Implementing a digital Data Governance dashboard may help here, defining planning activities that tie to the entity’s principal values, and tallying progress on them. In a collaborative culture where everyone wants to share their input, it’s also easy to wind up in a “paralysis by analysis” state. This can be addressed with efforts such as measuring the number of decisions made in Data Stewardship councils and committees, and including that number in meeting minutes; having measurements for all to see can help to keep things moving.

In competency cultures – often businesses that fall in the manufacturing and engineering vertical – that want to realize a future of possibilities, cultural aims are to hire the best talent and to be able to take great pride in the work. These cultures tend to love strategy and planning for the long-term, and appreciate applying institutional wisdom for competitive advantage – strengths for Data Governance roadmaps. But a concern here is over-planning, which doesn’t work well for Data Governance in the age of digital transformation.

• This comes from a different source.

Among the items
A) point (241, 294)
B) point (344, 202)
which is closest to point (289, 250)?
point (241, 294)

Data Governance teams may want to switch by adopting Agile principles to achieve shorter-term deliverables that bring value and that can be continuously iterated. Competency culture business’ preference for models, theories, and ideas can be a pitfall, too, requiring Data Governance leaders to consider how to better communicate real-world work that will get these organizations to adopt a practical Data Governance vision and values.

In fact, no matter what the culture, “a communications plan is incredibly important,” Elder said. “To evangelize and market your program in terms of the value it creates for the organization and its culture, frame your communications for it in the most effective way,” whether that’s handing out boxes of M&Ms to engage people in collaborative cultures or preparing detailed memos of Data Governance activities and advancements for those in competence cultures.

“Once you know your core culture, [the advantage is] it won’t feel like you’re forcing it across the organization,” Levins said. That puts Data Governance pros in a better position for some of the trickier parts of the Data Governance journey, including operationalizing and sustaining Data Governance.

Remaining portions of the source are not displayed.